OSCE Chairperson-in-Office: Finland would be happy to have Georgia in EU; Georgia deserves inclusive decision-making process
“All of these reforms are leading to these values, but also the criteria needed for EU membership. Even if none of these reforms or if the pathway didn’t end up in EU membership, which is completely up for the people to decide, each and every step towards the way serves the people in that candidate country or in that country on their way to European integration,” said the OSCE Chairperson-in-Office, Finland’s Foreign Minister Elina Valtonen, during a joint press conference with Maka Botchorishvili at the Georgian Foreign Ministry.
According to her, all steps aimed at integrating into the European Union serve the interests of the country’s population.
“I always tell the EU candidate countries what the European Union membership requires of those countries, in terms of the rule of law, in terms of the democratic process, in terms of the inclusion of all minorities of the society, in terms of building transparency, ridding corruption, having a full market economy, serving the people and not the few.

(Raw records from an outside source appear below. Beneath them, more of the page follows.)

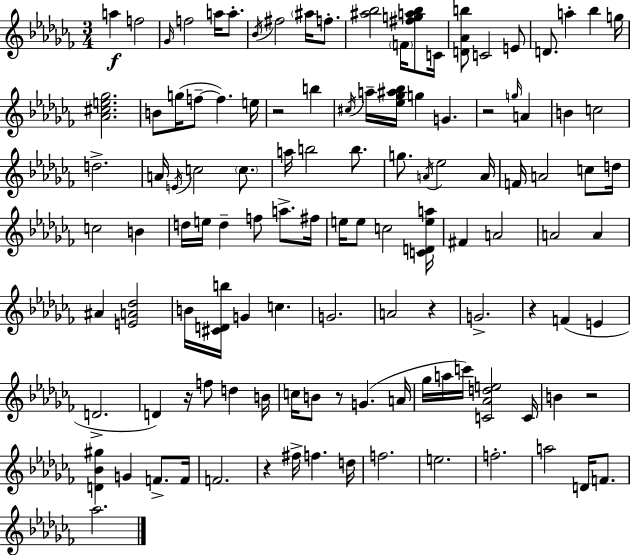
{
  \clef treble
  \numericTimeSignature
  \time 3/4
  \key aes \minor
  \repeat volta 2 { a''4\f f''2 | \grace { ges'16 } f''2 a''16 a''8.-. | \acciaccatura { bes'16 } fis''2 \parenthesize ais''16 f''8.-. | <ais'' bes''>2 \parenthesize f'16 <fis'' g'' a'' bes''>8 | \break c'16 <d' aes' b''>8 c'2 | e'8 d'8. a''4-. bes''4 | g''16 <aes' cis'' e'' ges''>2. | b'8 g''16( f''8--~~ f''4.) | \break e''16 r2 b''4 | \acciaccatura { cis''16 } a''16-- <ees'' ges'' ais'' bes''>16 g''4 g'4. | r2 \grace { g''16 } | a'4 b'4 c''2 | \break d''2.-> | a'16 \acciaccatura { e'16 } c''2 | \parenthesize c''8. a''16 b''2 | b''8. g''8. \acciaccatura { a'16 } ees''2 | \break a'16 f'16 a'2 | c''8 d''16 c''2 | b'4 d''16 e''16 d''4-- | f''8 a''8.-> fis''16 e''16 e''8 c''2 | \break <c' d' e'' a''>16 fis'4 a'2 | a'2 | a'4 ais'4 <e' a' des''>2 | b'16 <cis' d' b''>16 g'4 | \break c''4. g'2. | a'2 | r4 g'2.-> | r4 f'4( | \break e'4 d'2.-> | d'4) r16 f''8 | d''4 b'16 c''16 b'8 r8 g'4.( | a'16 ges''16 a''16 c'''16) <c' aes' d'' e''>2 | \break c'16 b'4 r2 | <d' bes' gis''>4 g'4 | f'8.-> f'16 f'2. | r4 fis''16-> f''4. | \break d''16 f''2. | e''2. | f''2.-. | a''2 | \break d'16 f'8. aes''2. | } \bar "|."
}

All of these reforms are leading to these values, but also the criteria for EU membership.
Even if none of these reforms or if the pathway didn’t end up in EU membership, which is completely up for the people to decide, each and every step towards the way serves the people in that candidate country or in that country on their way to European integration because it will essentially give more freedom, more power to decide to each and every individual, and also it will give them a more prosperous future because you would have full engagement also through the market economy and through trade.
This is the future, which, of course, the European Union has been happy to invite Georgia to. And again, let me emphasise, in a democracy, it will be up to the people to decide whether they want to take those steps.
But unfortunately, in recent times, we have observed that the Georgian government has not been willing to take. Many of those steps or some of the steps that the Georgian government has taken have been in the opposite direction, to take away those liberties and not give those liberties where they belong, i.e., to people.
Putting opposition leaders in jail essentially means that the people wouldn’t even have a choice. What comes to an election, even if the technical election in itself was transparent and free, or if you make it more difficult for civil society organizations to fund themselves, then clearly that is not helping the civil society, that is not granting freedoms to an open society, but it is taking away those freedoms.
As a member of the European Union, I can say that Finland would be happy to have Georgia, one day, in the European Union based on these criteria, which I listed. I am more of a question mark, and it will be, again, for the Georgian people to decide what their future is, but they deserve a full inclusion in the decision-making process in this political system,” Elina Valtonen has stated.